The data should be duplicated exactly, with every word kept as it is.

╔══

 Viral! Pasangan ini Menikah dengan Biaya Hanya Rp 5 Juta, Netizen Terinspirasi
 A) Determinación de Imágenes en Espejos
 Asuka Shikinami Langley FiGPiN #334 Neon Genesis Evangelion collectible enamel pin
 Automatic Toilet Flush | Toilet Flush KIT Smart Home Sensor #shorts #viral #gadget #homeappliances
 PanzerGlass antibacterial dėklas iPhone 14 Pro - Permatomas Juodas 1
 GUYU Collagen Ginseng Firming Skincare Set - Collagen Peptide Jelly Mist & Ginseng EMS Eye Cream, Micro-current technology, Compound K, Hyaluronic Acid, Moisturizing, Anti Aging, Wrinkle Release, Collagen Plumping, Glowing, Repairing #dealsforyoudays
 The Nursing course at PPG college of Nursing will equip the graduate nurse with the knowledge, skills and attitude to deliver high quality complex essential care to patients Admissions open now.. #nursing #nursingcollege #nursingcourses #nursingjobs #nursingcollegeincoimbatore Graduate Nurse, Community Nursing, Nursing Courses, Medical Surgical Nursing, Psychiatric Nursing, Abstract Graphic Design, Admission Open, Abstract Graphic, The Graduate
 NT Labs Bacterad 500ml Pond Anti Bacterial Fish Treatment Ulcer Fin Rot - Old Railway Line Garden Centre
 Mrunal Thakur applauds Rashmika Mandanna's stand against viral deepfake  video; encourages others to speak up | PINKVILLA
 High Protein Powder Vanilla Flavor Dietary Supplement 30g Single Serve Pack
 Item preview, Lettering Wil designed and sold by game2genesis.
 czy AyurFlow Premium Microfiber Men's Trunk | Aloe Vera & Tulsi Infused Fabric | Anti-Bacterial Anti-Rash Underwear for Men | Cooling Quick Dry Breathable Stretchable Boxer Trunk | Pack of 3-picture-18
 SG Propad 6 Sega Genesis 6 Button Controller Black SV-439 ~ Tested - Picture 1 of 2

╚══

◆ SOLUTION TO THIS PROBLEM ◆
 Viral! Pasangan ini Menikah dengan Biaya Hanya Rp 5 Juta, Netizen Terinspirasi
 A) Determinación de Imágenes en Espejos
 Asuka Shikinami Langley FiGPiN #334 Neon Genesis Evangelion collectible enamel pin
 Automatic Toilet Flush | Toilet Flush KIT Smart Home Sensor #shorts #viral #gadget #homeappliances
 PanzerGlass antibacterial dėklas iPhone 14 Pro - Permatomas Juodas 1
 GUYU Collagen Ginseng Firming Skincare Set - Collagen Peptide Jelly Mist & Ginseng EMS Eye Cream, Micro-current technology, Compound K, Hyaluronic Acid, Moisturizing, Anti Aging, Wrinkle Release, Collagen Plumping, Glowing, Repairing #dealsforyoudays
 The Nursing course at PPG college of Nursing will equip the graduate nurse with the knowledge, skills and attitude to deliver high quality complex essential care to patients Admissions open now.. #nursing #nursingcollege #nursingcourses #nursingjobs #nursingcollegeincoimbatore Graduate Nurse, Community Nursing, Nursing Courses, Medical Surgical Nursing, Psychiatric Nursing, Abstract Graphic Design, Admission Open, Abstract Graphic, The Graduate
 NT Labs Bacterad 500ml Pond Anti Bacterial Fish Treatment Ulcer Fin Rot - Old Railway Line Garden Centre
 Mrunal Thakur applauds Rashmika Mandanna's stand against viral deepfake  video; encourages others to speak up | PINKVILLA
 High Protein Powder Vanilla Flavor Dietary Supplement 30g Single Serve Pack
 Item preview, Lettering Wil designed and sold by game2genesis.
 czy AyurFlow Premium Microfiber Men's Trunk | Aloe Vera & Tulsi Infused Fabric | Anti-Bacterial Anti-Rash Underwear for Men | Cooling Quick Dry Breathable Stretchable Boxer Trunk | Pack of 3-picture-18
 SG Propad 6 Sega Genesis 6 Button Controller Black SV-439 ~ Tested - Picture 1 of 2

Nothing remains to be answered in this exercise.